Nutri-P-Loss aims to develop a robust methodology to measure nutritional losses throughout the postharvest value chain – the first in the field to do this. Combining literature reviews with laboratory and field work, the project team will focus on nutritional loss in three important food security crops: cowpea, maize and sweet potato.
The two-year project, led by the Natural Resources Institute (NRI) at the University of Greenwich, is being carried out in partnership with scientists from the University of Zimbabwe, the National Agricultural Research Laboratories in Kawanda, Uganda (NARL), the International Potato Center (CIP), and Purdue University and Iowa State University in the United States.
“The team’s first step was to hold an open consultation on nutritional losses,” explains NRI’s Dr. Aurélie Bechoff, Food and Nutrition Specialist, who is leading the project. “Over four hundred agriculture and nutrition experts from more than 50 countries were invited to take part in a survey focussing on key nutrients. The data gathered from this survey will be used to shape the research and will be integrated into the design of a predictive tool being developed through the project.”

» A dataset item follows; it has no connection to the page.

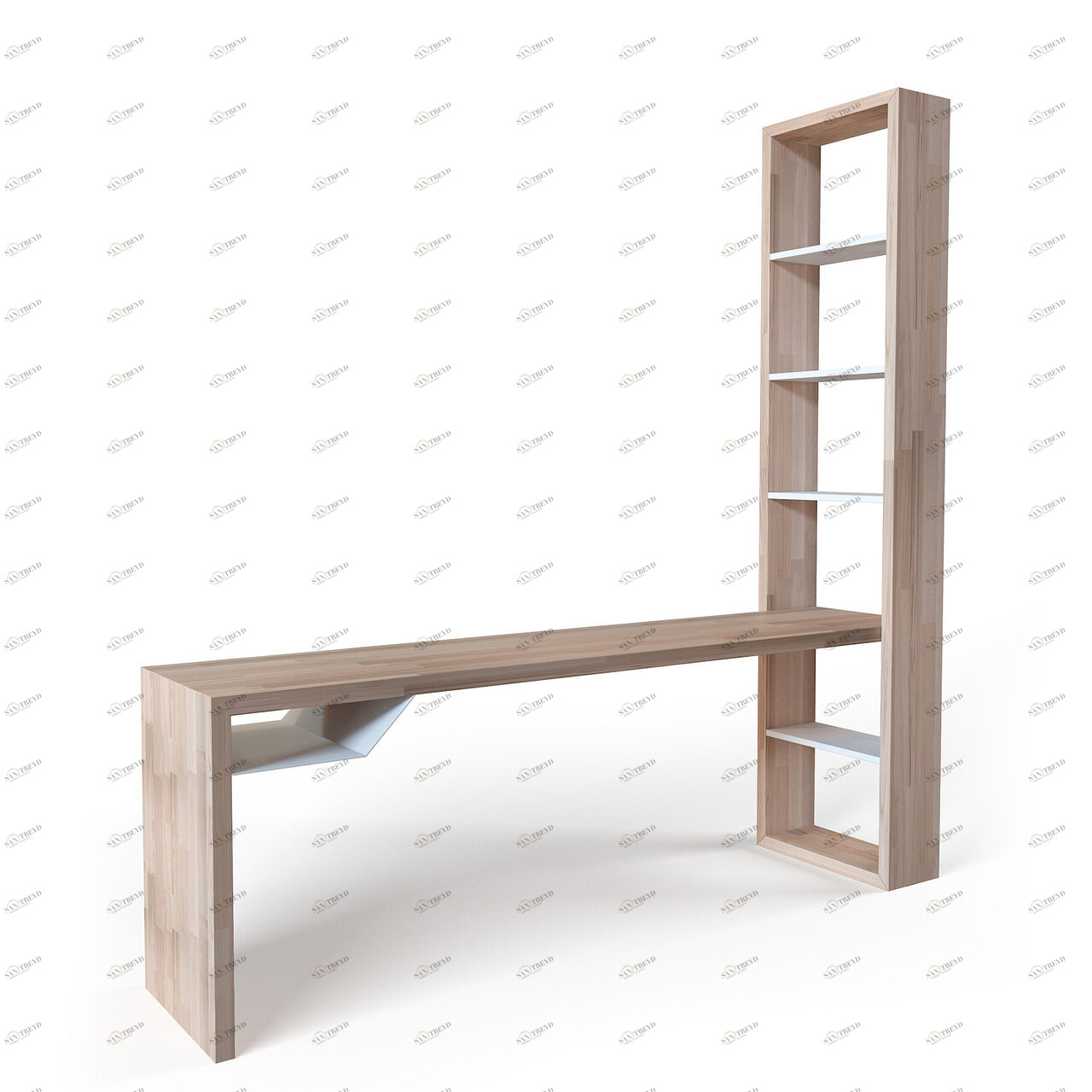 Письменный стол со стеллажом деревянный, ясень EcoComb BRAGIN DESIGN ПИСЬМЕННЫЕ СТОЛЫ ECOCOMB 256611 Бежевый 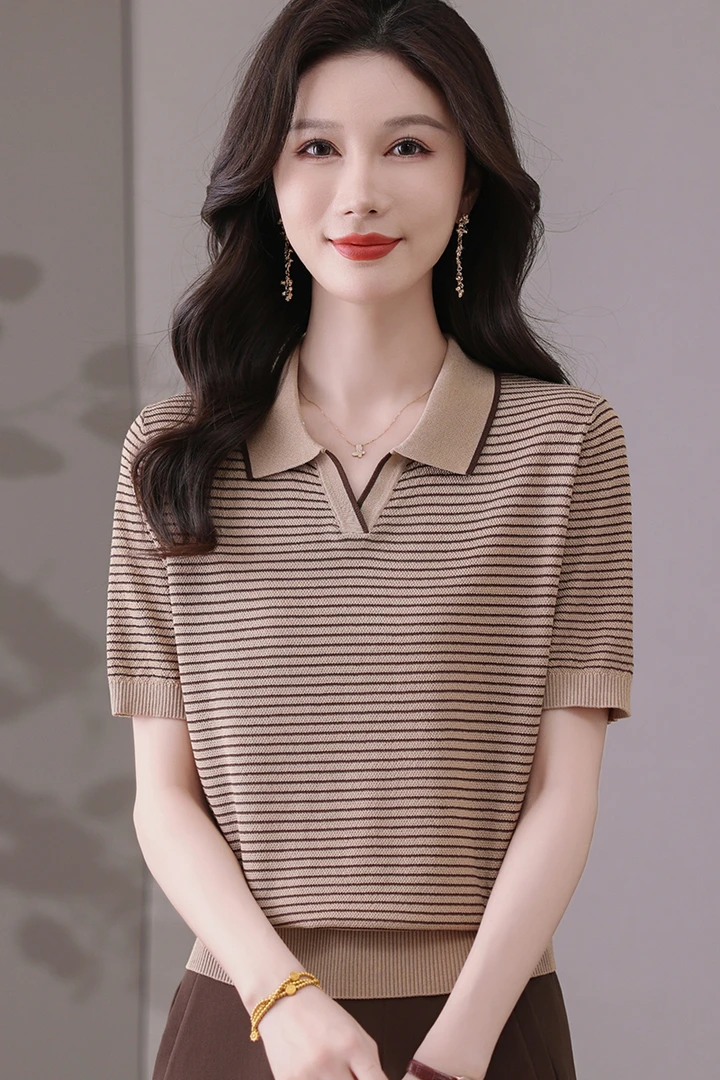 【天丝】夏季新款翻领女士短袖洋气宽松显瘦针织条纹百搭时尚薄款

Nutri-P-Loss will work alongside APHLIS, the African Postharvest Losses Information System, created in 2010 by NRI and partners. APHLIS is a scientific model producing calculated estimates of postharvest losses of food crops across sub-Saharan Africa. Through APHLIS+, a project led by Dr Bruno Tran (AfricaRice and NRI), a new and improved version of the information system is being developed, covering more crops and types of data, including nutritional loss.
The project comes under the research initiative known as ‘IMMANA’ or ‘Innovative Metrics and Methods for Agriculture and Nutrition Actions’, funded with UK Aid from the UK government through the Department for International Development (DFID) and coordinated by the Leverhulme Centre for Integrative Research on Agriculture and Health (LCIRAH).